The magnitude of the humanitarian crisis in north-east Nigeria has driven 1.7 million people away from their homes to camps and host communities, where those without relatives resort to using twigs and grasses to make ad hoc shelters outside the communities or in some cases, within host communities.
The nearly decade-long crisis is characterised by massive destruction of social amenities and public structures including health centres, schools, water points, banks, and so on. About a third of 743 health facilities identified in Borno state have been completely destroyed. Of the 481 health facilities that have not been destroyed, 31% of them are not functioning, according to the World Health Organization (WHO).
“Difficult terrain, insecurity, inadequate staffing and insufficient supplies and equipment significantly hinder access to basic, lifesaving health care by IDPs and local populations in the North-east.” – Dr. Baweye, Alliance for International Medical Action (ALIMA) Coordinator.
The disruption of local economy and farming for a while now has led to massive hunger, leading to high prevalence of acute malnutrition and other related diseases such as diarrhoea. According to WHO, the overall nutrition situation in Borno state is very alarming.
“Undernutrition is one of the major threat to life of mothers and children under age 5 in IDP camps and local communities of Borno state”, he further said.
What We Are Doing
ALIMA runs an extensive health clinic in one of the largest IDP camp in Borno state, sited in Muna Garage on the outskirt of Maiduguri. The health centre provides free primary health care to children under the age of 5, with focus on undernutrition treatment, reproductive health care for pregnant women as well as outpatient treatment.
A total of 28,067 patients benefitted from at least one of these services since April 2017 with an average of 65 patients accessing the clinic per day. Dr. Baweye explained that “even though the health centre is sited in the camp to target the IDPs, more locals from far and near are accessing the facility than IDPs”.

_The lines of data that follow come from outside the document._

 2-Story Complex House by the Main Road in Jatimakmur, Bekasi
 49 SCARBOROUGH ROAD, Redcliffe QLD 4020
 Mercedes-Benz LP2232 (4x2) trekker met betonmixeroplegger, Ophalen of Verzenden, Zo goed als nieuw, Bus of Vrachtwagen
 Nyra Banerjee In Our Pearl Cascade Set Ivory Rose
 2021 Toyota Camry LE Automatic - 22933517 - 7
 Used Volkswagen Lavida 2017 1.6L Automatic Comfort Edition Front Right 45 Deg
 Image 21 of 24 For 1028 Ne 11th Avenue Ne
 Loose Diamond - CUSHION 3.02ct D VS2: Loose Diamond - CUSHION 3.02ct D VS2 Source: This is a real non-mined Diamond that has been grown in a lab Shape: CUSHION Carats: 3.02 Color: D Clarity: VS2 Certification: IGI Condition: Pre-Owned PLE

As part of the diagnostic process, patients wash their hands with chlorinated water immediately after triage to improve hygiene and minimise contamination. In July 2017, 8,879 children under 5 years came for consultation with 1,517 of them treated for undernutrition in Muna Garage clinic with a 95% success rate. Such are the volume of cases of malnutrition ALIMA handles almost every month. “Sometimes, chances of survival of these children depend on how early they are received in the clinic. Some of these children are even brought to the clinic without eating for days as a result of hunger.” – Dr. Jeremy, ALIMA.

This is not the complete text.